#### [TASK REQUIREMENTS]
In the output, include exactly the lines from the beginning of the records up to and including the one that contains "１回で受かる！保育士過去問題集　’２５年版", and leave out the pictures.

Excerpts from a dataset:
Start of Block
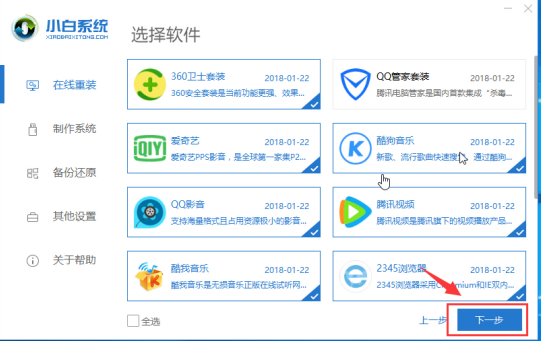 外星人系统(alienware自带的杀毒)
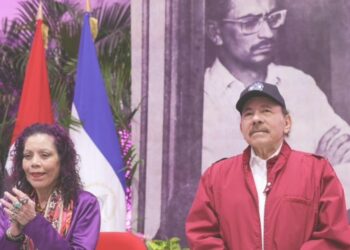 Palabras de la Compañera Rosario Murillo después del Acto del 48 Aniversario del Tránsito a la Inmortalidad del Comandante Carlos Fonseca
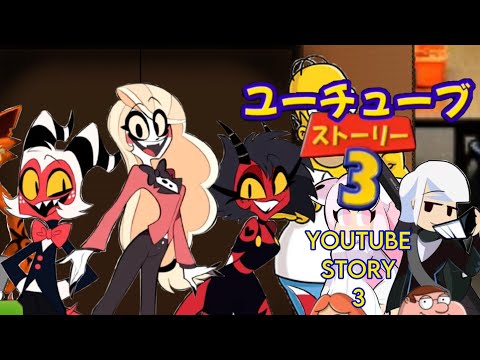 YouTube Story 3 Trailer (For @6thBeatleFinnxMal0) [日本語/Japanese Version]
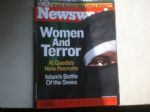 Newsweek－Women And Terror 詳細資料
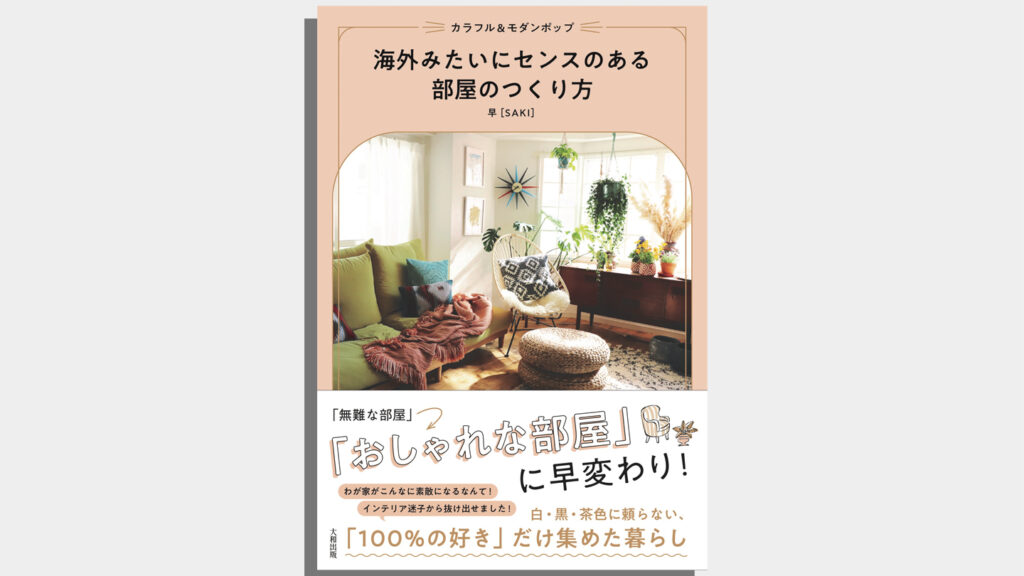 カラフル&モダンポップ 海外みたいにセンスのある部屋のつくり方の表紙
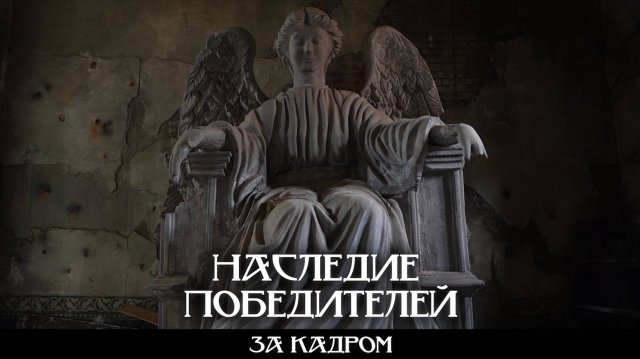 RADIO TAPOK: Наследие победителей. За кадром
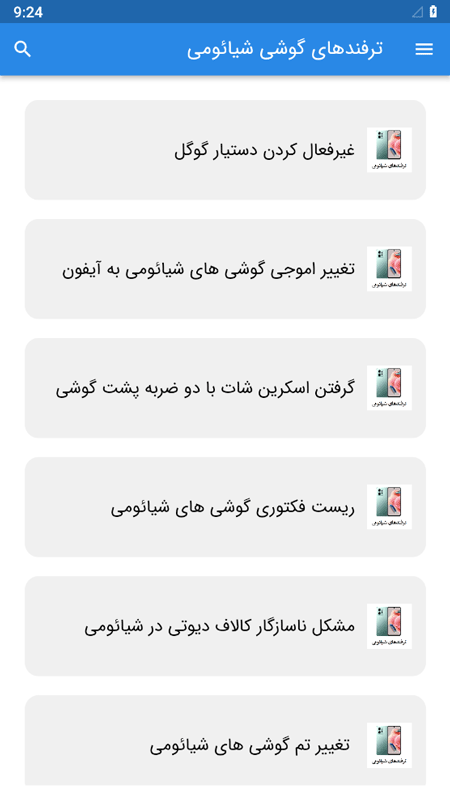 اسکرین شات 2 برنامه ترفندهای گوشی شیائومی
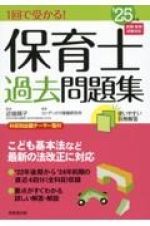 １回で受かる！保育士過去問題集　’２５年版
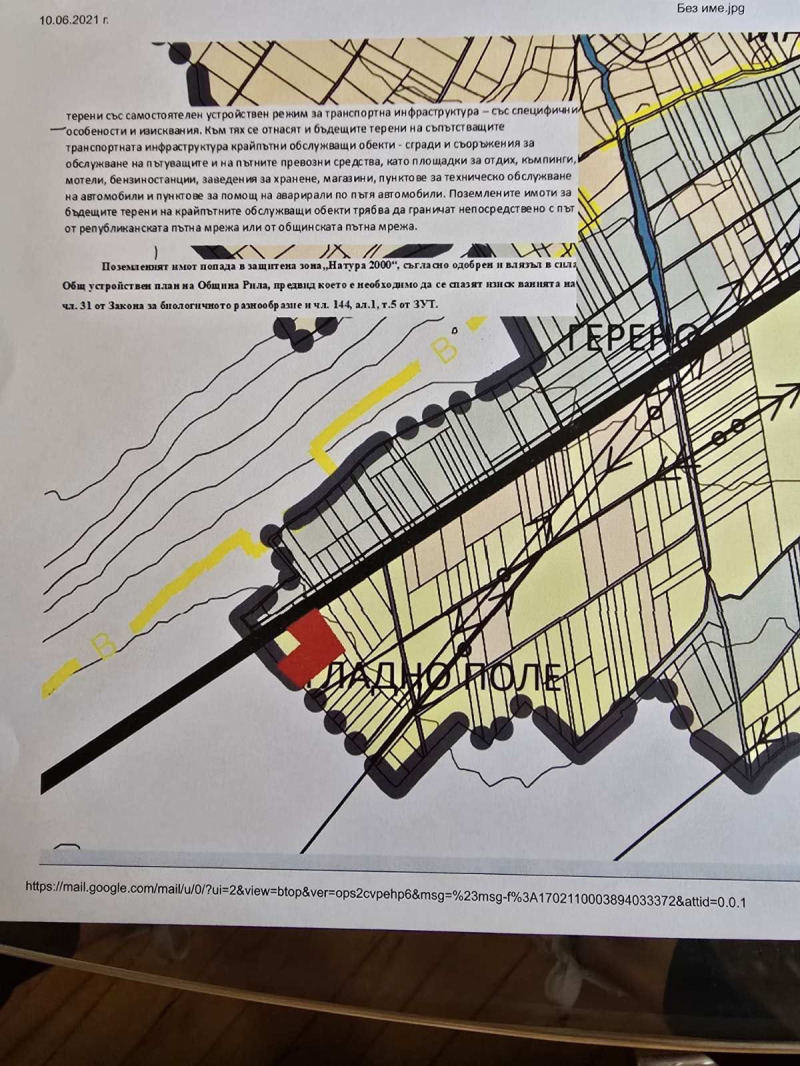 Til salg  Grund region Kyustendil , Rila , 5304 kvm | 80244038 - billede [2]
End of Block
#### [SOLVED PROBLEM]
 外星人系统(alienware自带的杀毒)
 Palabras de la Compañera Rosario Murillo después del Acto del 48 Aniversario del Tránsito a la Inmortalidad del Comandante Carlos Fonseca
 YouTube Story 3 Trailer (For @6thBeatleFinnxMal0) [日本語/Japanese Version]
 Newsweek－Women And Terror 詳細資料
 カラフル&モダンポップ 海外みたいにセンスのある部屋のつくり方の表紙
 RADIO TAPOK: Наследие победителей. За кадром
 اسکرین شات 2 برنامه ترفندهای گوشی شیائومی
 １回で受かる！保育士過去問題集　’２５年版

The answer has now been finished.